Hat das Radio eine Zukunft?
Der Begriff Radio ändert sich rasant. Lineares Hören verschwindet, Hörer*innen diktieren, was sie wo und wann hören wollen. Wie hängt das alles zusammen und werden wir in zehn Jahren noch Radio erleben? Dominik Born wagt als ehemaliger Leiter der Innovationszelle «SRF beta» und heutiger Berater und Coach für Innovationen im öffentlich-rechtlichen Umfeld einen Blick in die Zukunft.
Dass die Radio-Industrie im Wandel ist, kann einerseits daran gemessen werden, wie oft sie bereits totgesagt wurde. Andererseits zeigt sich der Wandel in der Vehemenz, in welcher manche Befürworter des Mediums Veränderungen belächeln oder verleumden. Egal, aus welcher Perspektive auf die Radioszene geschaut wird, die Umwälzung ist in vollem Gange.

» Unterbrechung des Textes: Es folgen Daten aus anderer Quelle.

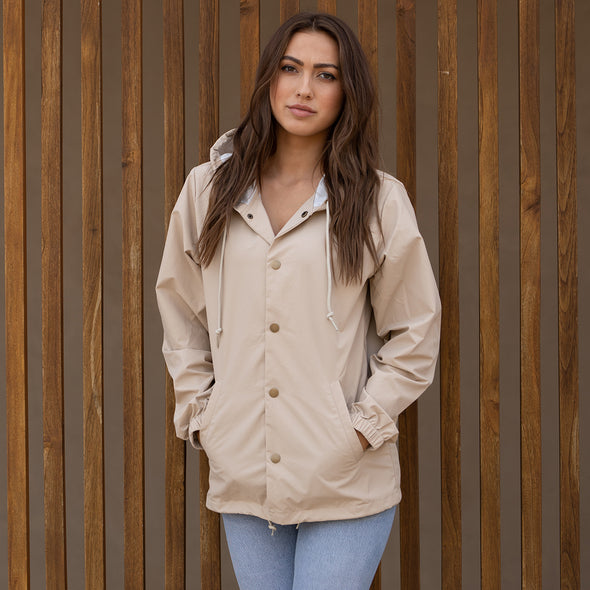 Woman poses in a khaki hooded coach's jacket.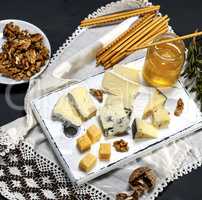 pieces of different cheese on a white wooden board near a jar wi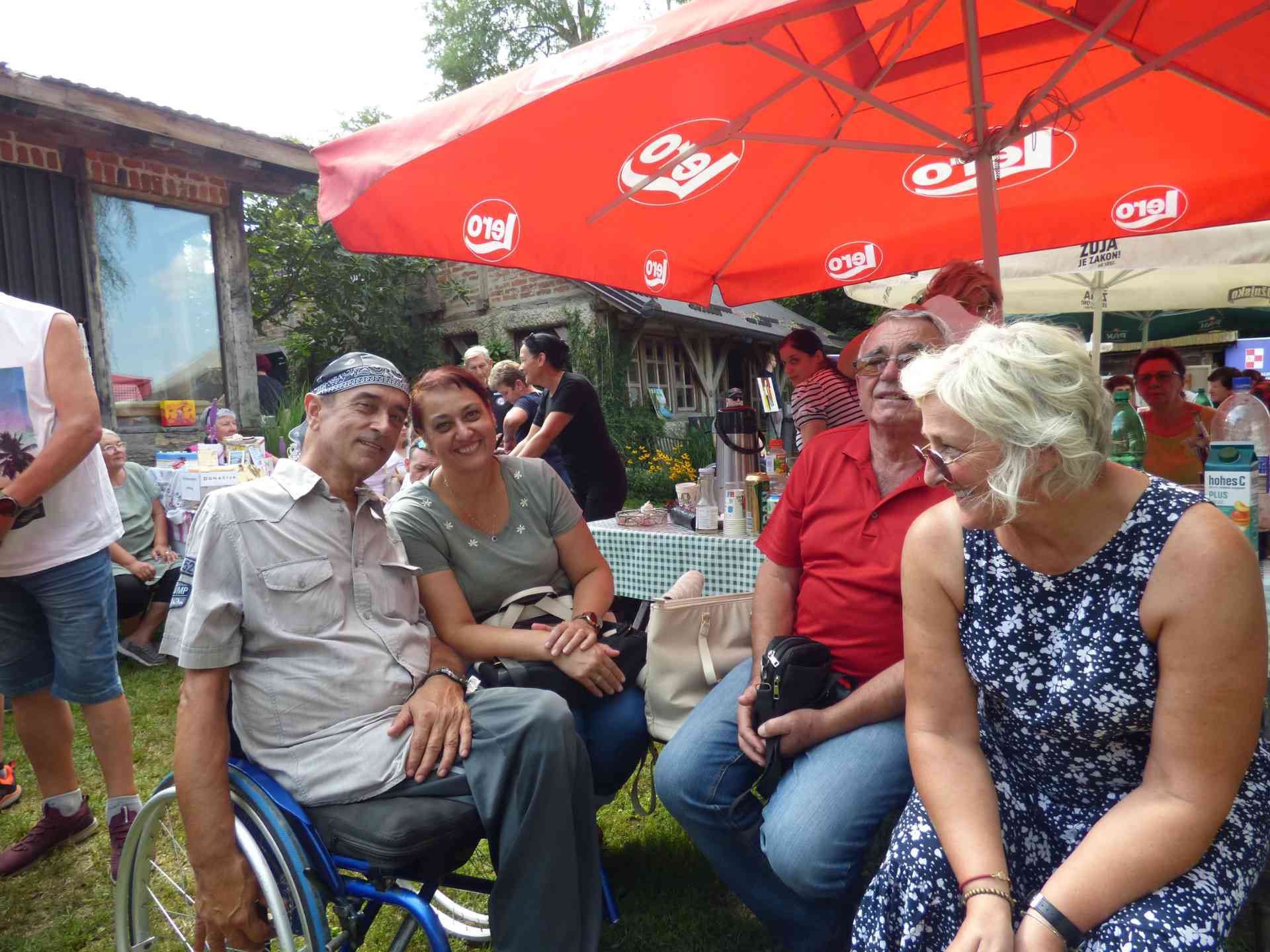 Fotografija prikazuje nekoliko ljudi u invalidskim kolicima pod suncobranom.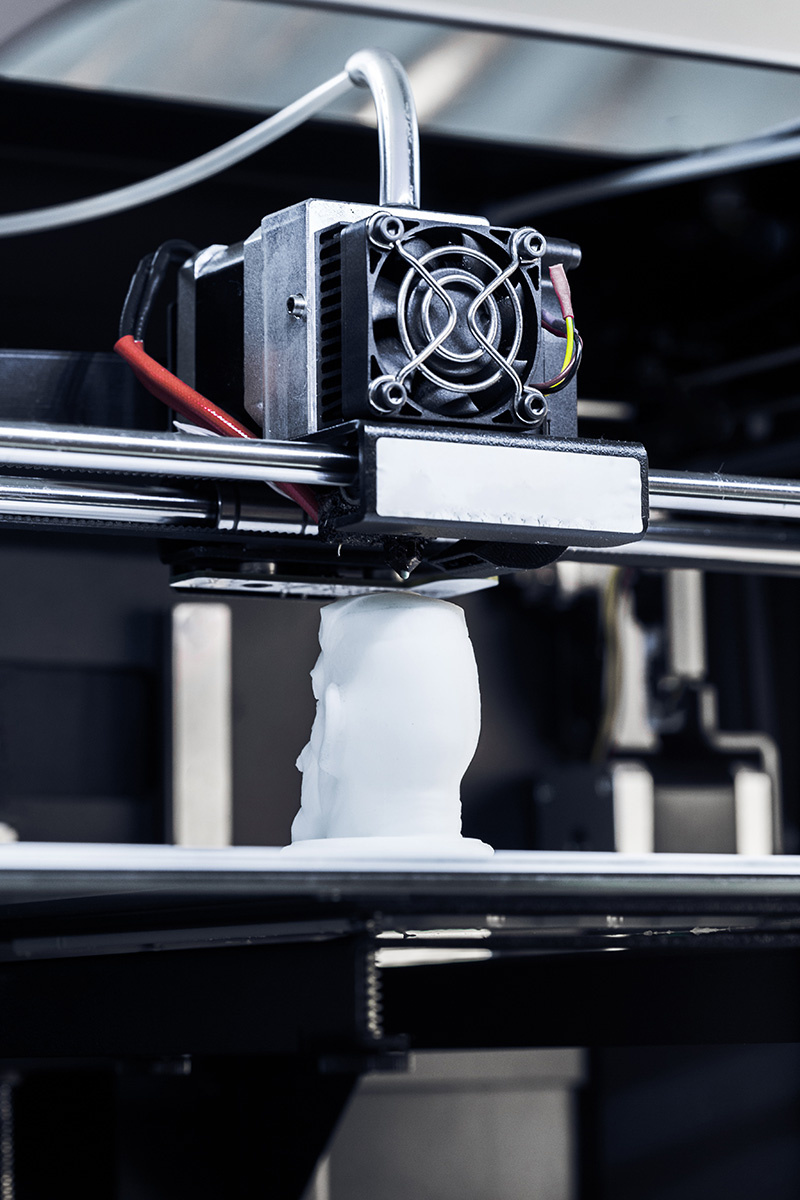 3d printer creates a figure in a workshop during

Auf die Frage, wie wir in Zukunft Radio hören, weiss aber niemand eine Antwort.
Wenig zielführend in der aktuellen Situation ist es, nur auf den Baukasten der technischen Möglichkeiten zu setzen: Ob es zukünftig DAB+ oder Radiostreaming sein wird, ob es Schauspieler sein werden, die uns mittels Audiosynthese die Nachrichten aus dem Kühlschrank vorlesen, oder ob es eingepflanzte Chips im Gehörgang sein werden – das alles hat zwar viel «Wow» aber wenig «How».
Um herauszufinden, wie und von welchen Anbietern wir in zehn Jahren Audioinhalte konsumieren werden, braucht es einen kleinen Ausflug in die Rundfunkgeschichte – fernab von Gadget-Shows und abgefahrenen Vorträgen mit Konfettieffekt.
Der Begriff Radio kommt laut Wikipedia aus dem lateinischen «Radius» für «Strahl». Was so viel heisst, dass auch die Inhalte, die zu Hause oder unterwegs aus den Geräten erschallen, in eben diesem Strahl «schwimmen». Und bekanntlich muss dieser Strahl fliessen, genau wie Wasser aus dem Hahn.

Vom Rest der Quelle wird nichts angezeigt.